"Every single note of the so-called Reserve Association used in the reserves of our banks will displace just that much gold and drive it out of the country.
"Judged, therefore, from a purely economic point of view, I assert that the Reserve Association plan is the most unsound, the most dangerous; indeed, it is absolutely the worst proposal that has been brought forward for serious consideration by any respectable body of men since the adoption of the Constitution, with the two following exceptions: First, the issue of legal tender money by the Government such as greenbacks; second, the free and unlimited coinage of silver at the ratio of 16 to 1.
"An officer of one of the largest banks of the United States recently used this language: 'Mr. Fowler, it is incredible that we should be called upon to consider such a proposition.'
"If this is really true, how does it happen, that so many business men and so many bankers approve it, is a most natural inquiry. The cause is not difficult to perceive.
"There is not a business man nor hardly a banker who is not even now still living in a state of fright from the terror of 1907. One thought alone seems to have taken possession of the country to the exclusion of everything else, and that thought is this: That we must hereafter be able to convert our commercial credits into bank or current credits. There seems to be something approaching madness; indeed, there seems to be an insane haste lest they be caught again, possibly tomorrow, certainly next fall.
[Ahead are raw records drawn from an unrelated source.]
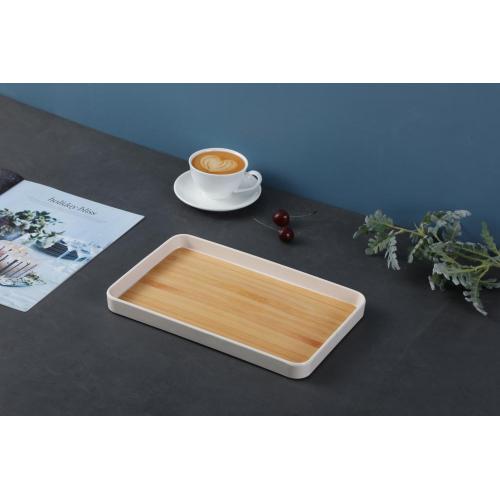 plastic rectangular serving tray with print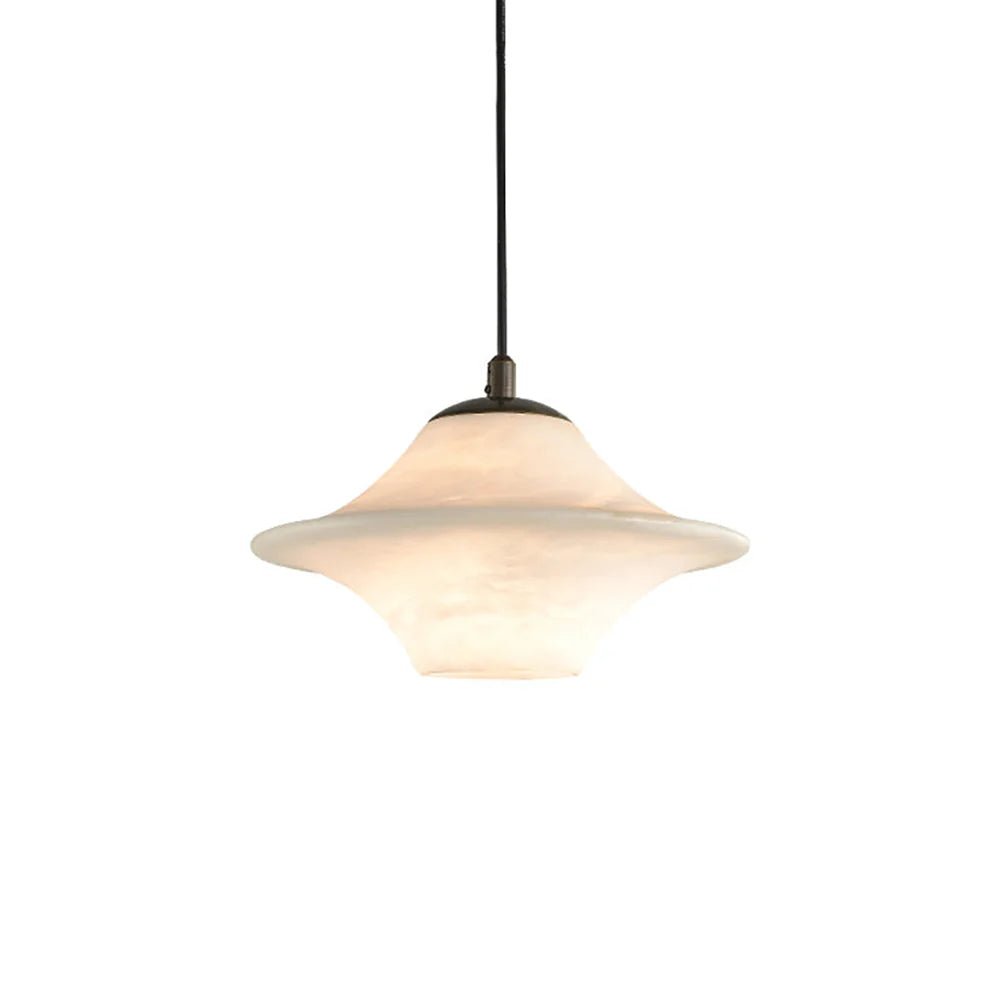 Pendant LightLuxury Alabaster Saucer Pendant LightDia 22cm x H 14cm / ∅ 8.7″ x H 5.5″WhiteLennar Visual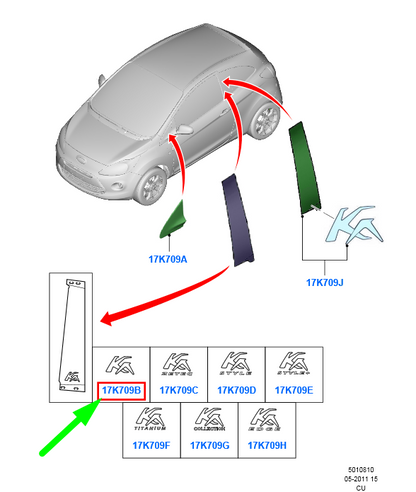 new ford ka mk2 left b-pillar emblem decal 9s51-19n230-cb 1668569 original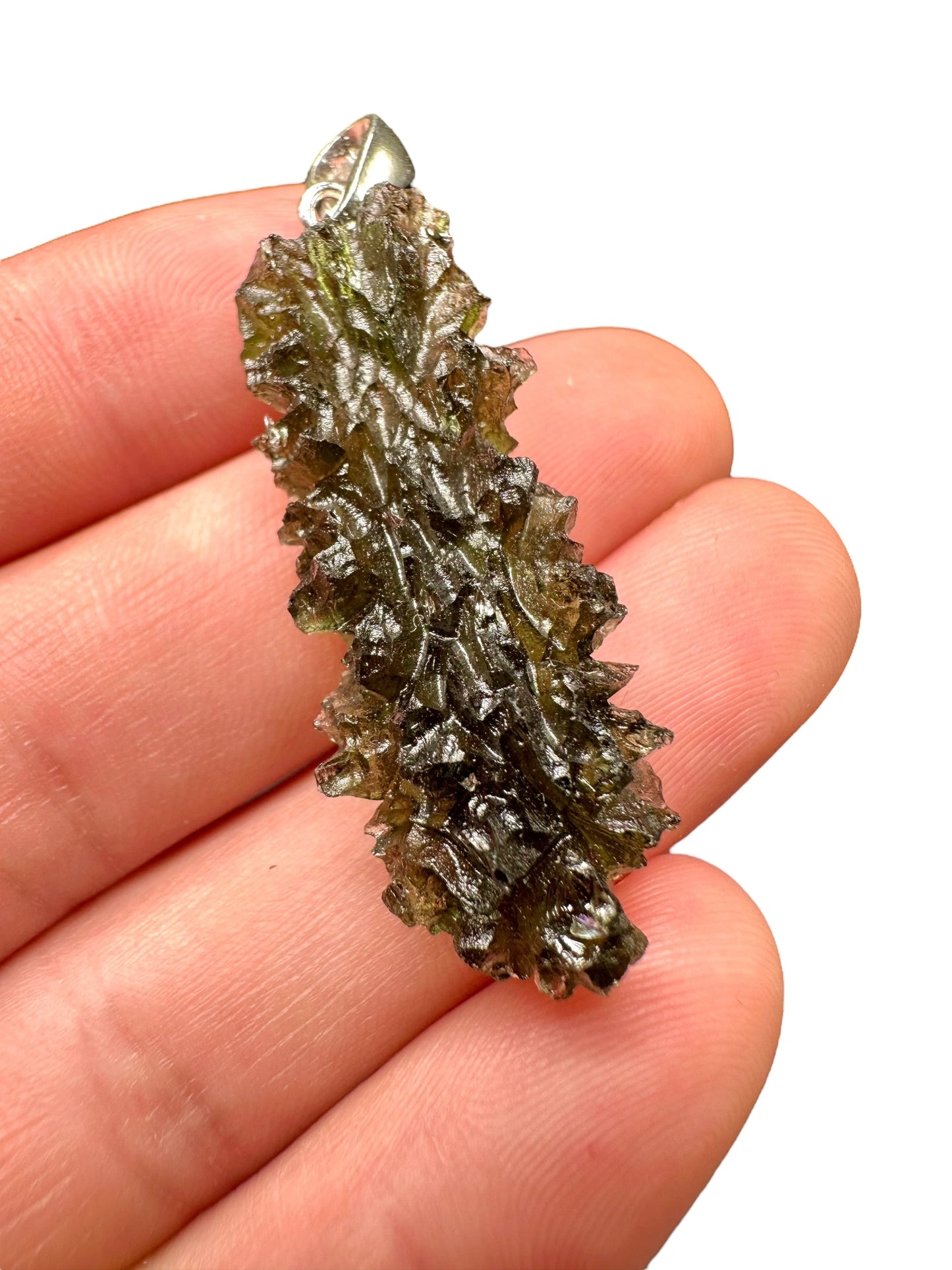 Silver moldavite pendant – Besednice Jezkovna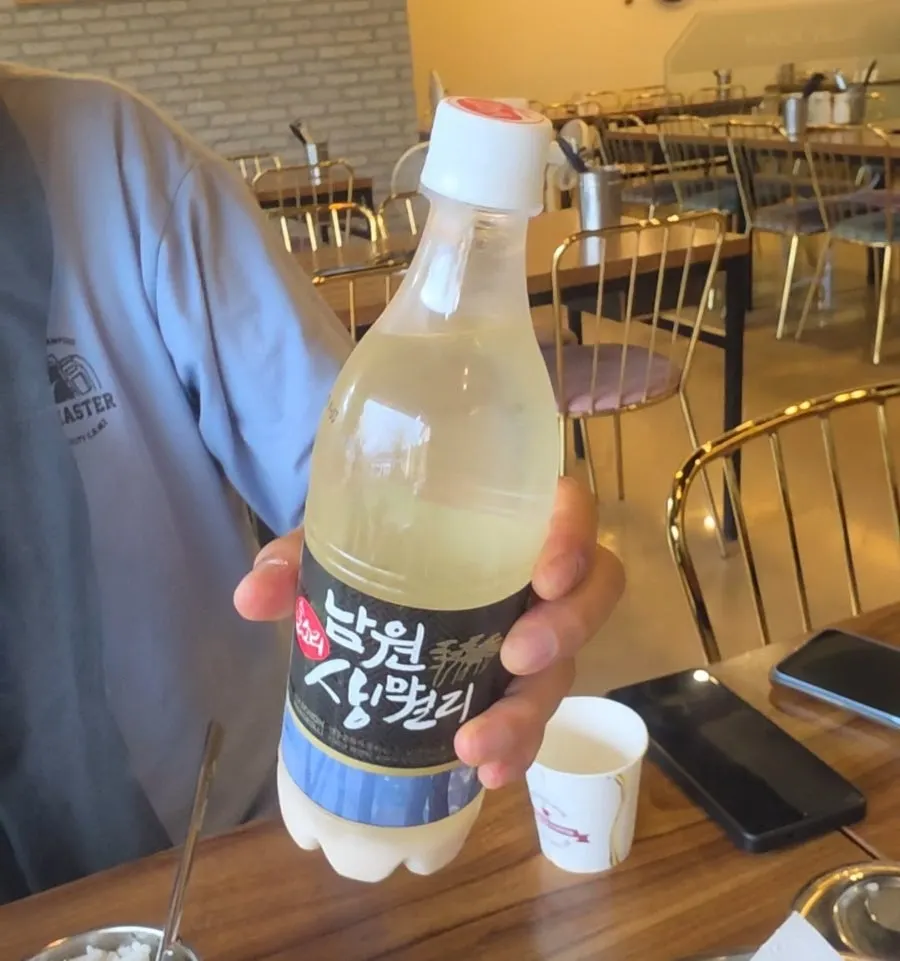 Makgeolli ordered with galbi hot pot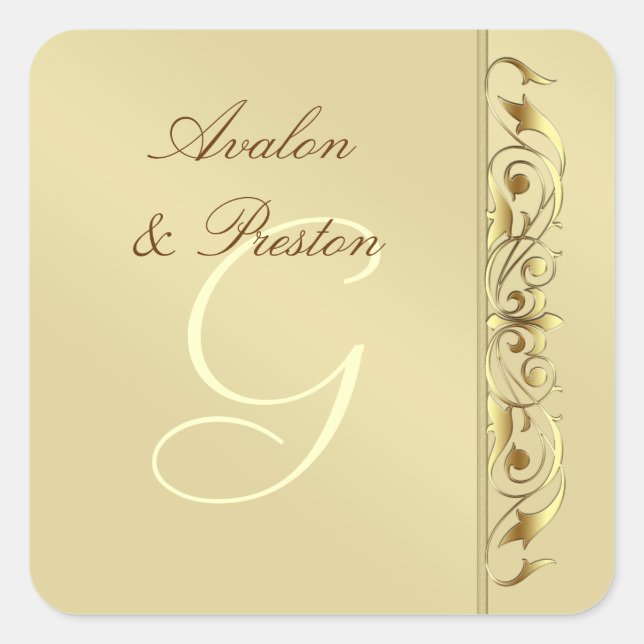 Cuadrada Gran Duquesa Faux Gold Scroll Monogram Pegatina (Anverso)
But they need not worry, for danger is not imminent; 1907 will not come again right away.
"During the past two years up to the present time the entire thought of the country has been directed to a mere mechanism to achieve this result, without any reference to or consideration whatever of those fundamental, eternal principles of banking economics that demand recognition and obedience if we are to escape the frightful penalties which their violation always inflicts.
"In the outset I want to lay down two fundamental laws that I wish were burned into the minds of every banker and every business man within the borders of this republic. They are these:
"One—Nothing should ever be counted as a reserve which is not coined out of the standard of value. Our standard of value is gold, therefore nothing should go into the reserves of our banks except gold.
"Two—The poorer money always drives out the better.
"I hope that whoever hears these words will commit these two laws to memory, for they are as fundamental and eternal in their operation as the law of gravitation.